WORK INSTRUCTIONS: Give back each line of the data exactly as it reads, minus the pictures.
::: MATERIAL PROVIDED :::
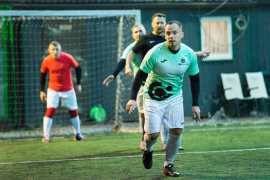 <a href="https://st.getinfootball.com/albums/1097508/68dc299479b6f_1920.jpg" target="_blank">Завантажити оригінал</a>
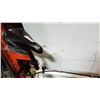 Image 2 : NORCO ROAD BIKE VELO BARS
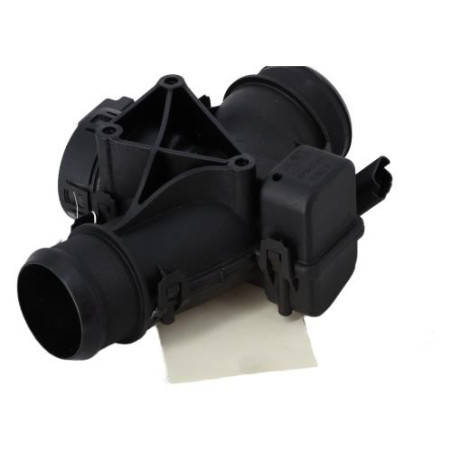 Debitmetre PEUGEOT 307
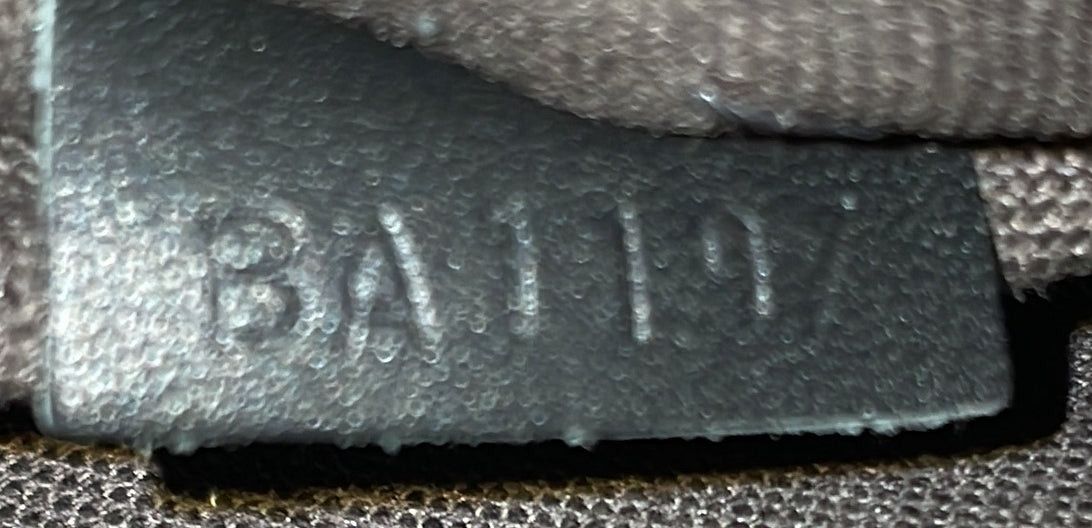 Louis Vuitton Michael NM Backpack Size ONE SIZE - 9 Thumbnail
:::
RESPONSE TO THE EXERCISE:
 <a href="https://st.getinfootball.com/albums/1097508/68dc299479b6f_1920.jpg" target="_blank">Завантажити оригінал</a>
 Image 2 : NORCO ROAD BIKE VELO BARS
 Debitmetre PEUGEOT 307
 Louis Vuitton Michael NM Backpack Size ONE SIZE - 9 Thumbnail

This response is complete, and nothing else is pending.